The conversion of methane to methanol over zeolitic α-oxygen sites has been demonstrated using Fe-ZSM-5. To discriminate between mono- and poly-nuclear active sites, we prepared the [Fe]-ZEO with iron in the ZEOlite lattice via direct synthesis and Fe x -ZEO, by dispersion of x wt.% iron on the ZEOlite. Shape-selective formation of nano-clusters of iron oxides with various sizes is realized inside the pore-sizes varying from 10.0 to 8.0 and 6.3 to 4.3 Å of the CFI, MOR, MFI, and CHA zeolites. The Fe–K edge X-ray absorption data were obtained for the Fe-CIT-5, Fe-ZSM-5, Fe-MOR and Fe-CHA zeolites containing iron clusters. In Mossbauer spectroscopy the absence and presence of a hyperfine magnetic field (HMF) for [Fe]-CIT-5 and Fe-CIT-5 are seen. The quantum mechanics calculations analyze the different environments of iron, e.g. the tetrahedral lattice occluded species, the di-nuclear sites attached to the zeolite, the nano-phase hematite sites. The molecular mechanics calculations involve a new molecular mechanics force field, the universal force field (UFF). α-Oxygen can be formed on di-nuclear iron sites in zeolites by N 2O decomposition at elevated temperatures and is dependent on the zeolite structure utilized.
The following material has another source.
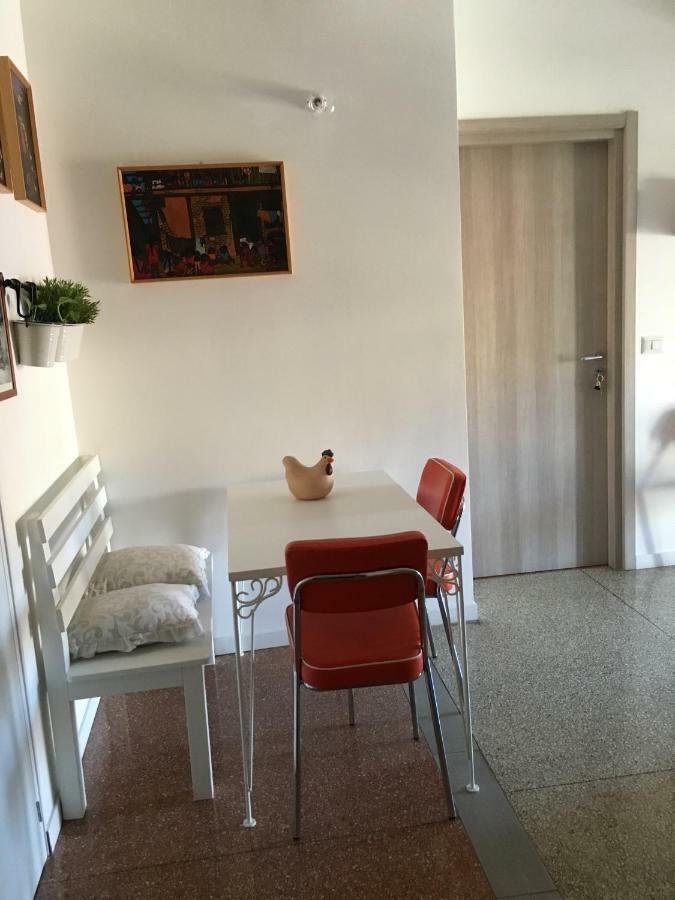Zonatortona B&B Milan Exterior photo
Fe-chabazite (CHA), Fe-mordenite (MOR) and Fe-CIT-5 (CFI) were found to be less active than Fe-ZSM-5. A range of preparative and activation conditions were studied preceding methane conversion. Proper activation is essential to maximize catalyst actvity, e.g. pretreatment under vacuum at 800–900°C, activation with N 2O at 250°C and reaction with methane at 20°C. Extraction of methanol from the catalyst is performed with H 2O. Structure–activity effects are discussed.